Yolanda stated that she had worked with UPOV since 2001, and there has not been reported, any legal action by breeders against any act of smallholder farmers. Furthermore, the issues that have arisen so far have been between the middle and large farmers, because those affect the capacity of breeders to build new varieties if the practices of such farmers were toswing in such a way as to affect the ability of the breeders to recover their investment.

On what farmers’ rights should look like, Isabel opined that there is no one-size-fits-all approach to farmers’ rights.

No farmers’ rights approach will fit all the countries, given that even within a country, depending on the conditions in different areas, there may be the need to adapt the protection of farmers’ rights to particular circumstances of communities. However, one way of facilitating the definition of farmers’ rights by farmers themselves, in Susannah’s view, would be to give the farmers the space to understand the value of diversity, and the community diversity protocol provides a viable starting point.

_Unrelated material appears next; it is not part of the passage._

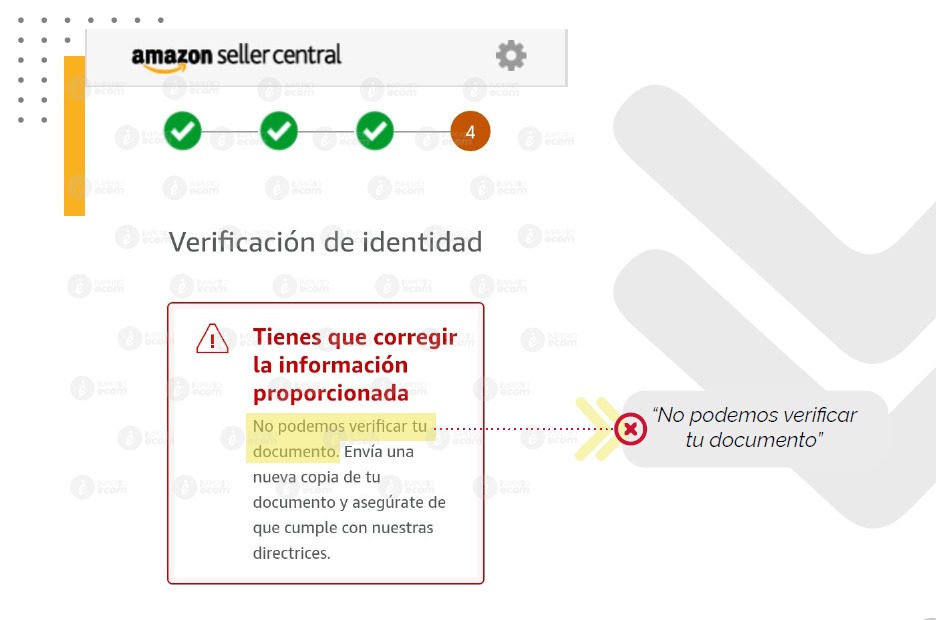 verificación de documentos Amazon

James, in answering the question on practical examples of farmers’ rights he would like to see, especially in Africa? He proposed that the best place to begin would be for African countries to increase the funding for farmers, the same way the governments have shown support for industries and other sectors of the economy.

To Michael, the question was asked how he would, as the UN special rapporteur on right to food,  envision a human rights approach to farmers’ rights, since in his presentation, he had made a case for the UN’s declarations as a way of relating farmers’ rights, with human rights.

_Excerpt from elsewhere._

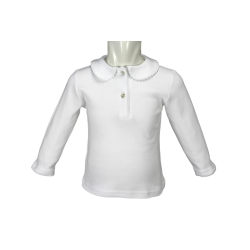 Polo cotone bianco M/L colletto tondo profilo colorato serpentina - Magia di Nonna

He answered by stating that, what those UN declarations do is, they empower people, which is a reminder that people are rights holders, not stakeholders.

In addition, what these declarations do is to start the conversations with the peoples themselves, locally, with already existing norms, practices that have been ongoing and treat those as the norm. I.e., the UN declarations allow and adopt cultural diversity

People are entitled to drive the process, and to be present to drive the agenda, therefore everyone else, whether, breeders or companies or governments have an obligation to meet the demands.

The role of UN in all of these, therefore, is basically to listen to each individual country and provide them with the resources to achieve their goals.

CONCLUSION

The webinar was an eye-opener. It was my first in-depth introduction to the conversations surrounding the protection of farmers’ rights, plant variety protection, and plant breeders’ rights.

The webinar, however, more than anything else, brought to fore the existential need for the Plant Treaty and UPOV convention to establish a harmonious relationship, to safeguard the protection of farmers’ rights, especially smallholder farmers.

There exists an anti-UPOV sentiment because UPOV appears to be more pro plant breeders than pro farmers, with several speakers pointing to the fact that UPOV rather treats farmers’ rights as privileges, when compared to the Plant Treaty and CBD.

The protection of farmers’ rights, especially the rights of small-holders farmers, from all indications, holds an important place in these conversations, and the reasons are quite glaring. Smallholder farmers have a right to save, use, exchange, and sell farm-saved seed, and to also develop varieties, from which they can receive royalties, upon commercialization. However, without requisite and adequate protection, farmers’ rights will remain a mirage.

Consequently, governments, especially African and Global South governments, must ensure that farmers’ rights are adequately protected. This requires the enactment of sui generis laws, tailored to suit the needs and interests of the local farmers within their territories.

Finally, the discussion around gender equality in farming is an ongoing one. One which needs to be continuously had, until women, like the women in the Gambia, can own farmlands, without having to rely on their husbands, their husbands’ families or their families, before having access to farmlands and farm tools.